Lá de dentro vinham barulhos cada vez mais pesados, como se
tudo estivesse sendo destruído. Em baixo, diziam perceber o teto
balançar; e que, às vezes, a lâmpada pendurada pelo
fio oscilava como um pêndulo. Arregalavam os olhos para cima. Assustavam-se
com o barulho da porta se abrindo. Às vezes descia sujo, despenteado.
Outras vezes vinha de banho tomado, a barba feita. Ele trancava
a porta, passava, como se não fosse deste mundo, voltava, trancava-se.
Os barulhos recomeçavam. Soltava altas gargalhadas, entre ruídos
de pulos, corridas e tombos, arrastar de coisas, pancadas de objetos
caindo. Por vezes, o silêncio da noite era cortado por gritos
selvagens de elefante, vindos do seu quarto. Os embrulhos com que
entrava e saía aumentavam de tamanho. Vinha com braçadas
de mato, capim, galhos e folhas; voltava à rua com sacos de
estopa cheios, que retornavam para casa vazios. Tentou-se espionar
pelo buraco da fechadura, sempre tampado, e pela alta janela, trancada
e vedada. Essas tentativas foram desestimuladas por baldes de água
suja e fedorenta lançados sobre algumas cabeças. O cheiro
que vinha do quarto atingiu níveis insuportáveis, repugnantes.
De manhã bem cedo, quando o sol nascia no horizonte, começava
o tum-tum-tum pesado e compassado, indo e vindo, que não deixava
ninguém dormir mais.
Um dia,
finalmente, quando ninguém agüentava mais, resolveu-se pela
adoção de providências drásticas. Não
era só por eles; era mais pelo bem dele mesmo, que, quem sabe, poderia
um dia voltar a ser normal, viver uma vida decente, de gente.
Ao ser interceptado na saída, manteve o olhar sereno
de quem adivinhava que um dia iria acontecer e que seria inútil
reagir.
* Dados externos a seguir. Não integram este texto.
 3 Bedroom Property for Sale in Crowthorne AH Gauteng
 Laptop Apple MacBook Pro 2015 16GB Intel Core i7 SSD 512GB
Apenas levantou a cabeça, pregou os olhos na porta do quarto
e deixou-se levar, com a sensação de nunca mais, as mãos
agarradas nos seus braços, conduzindo-o, o rosto banhado de
lágrimas, a família atrás, seguindo-o, todos cabisbaixos,
os mais velhos segurando a aba dos chapéus com as duas mãos,
como quem acompanha um enterro.
Quando a família retornou para casa, deixando-o internado
no hospício, traziam a mesma imagem de tristeza de quando
saíram, no dia anterior, para levá-lo. Havia aquele
silêncio profundo, sentia-se aquele vazio por dentro, aquela impressão
de nunca mais. Não tinha cura mesmo, não iria voltar.
Abriram
a porta da casa e entraram, de cabeça baixa. Espalharam-se
pelos assentos, quietos, os olhares perdidos, os olhos vermelhos, parecendo
um velório.
De repente,
o silêncio foi quebrado. De cima, veio o barulho descomunal, de
destruição, de raiva, de ódio, de coisas pesadas batendo,
arrastando, pulando e caindo, como nunca.
Os olhos espantados viram, cheios de horror, o teto abrir-se, com estrondo,
e dele brotar, entre uma nuvem de poeira, pedaços de
madeira e de alvenaria, bem em cima da sala, a formidável,
descomunal e gigantesca pata do elefante.